The problem: Search the data below for the word "Summer" and copy each line that holds it.

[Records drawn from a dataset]
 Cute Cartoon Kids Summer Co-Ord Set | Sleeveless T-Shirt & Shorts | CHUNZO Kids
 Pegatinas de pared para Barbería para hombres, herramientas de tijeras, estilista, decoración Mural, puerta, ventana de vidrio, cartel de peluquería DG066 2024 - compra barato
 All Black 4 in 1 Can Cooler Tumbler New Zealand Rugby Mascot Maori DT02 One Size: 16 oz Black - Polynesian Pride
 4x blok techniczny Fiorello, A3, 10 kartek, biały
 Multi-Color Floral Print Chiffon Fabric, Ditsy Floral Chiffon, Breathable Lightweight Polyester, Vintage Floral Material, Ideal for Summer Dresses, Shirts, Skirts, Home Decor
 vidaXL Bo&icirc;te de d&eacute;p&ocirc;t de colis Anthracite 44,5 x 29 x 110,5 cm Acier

Result of the exercise:
 Cute Cartoon Kids Summer Co-Ord Set | Sleeveless T-Shirt & Shorts | CHUNZO Kids
 Multi-Color Floral Print Chiffon Fabric, Ditsy Floral Chiffon, Breathable Lightweight Polyester, Vintage Floral Material, Ideal for Summer Dresses, Shirts, Skirts, Home Decor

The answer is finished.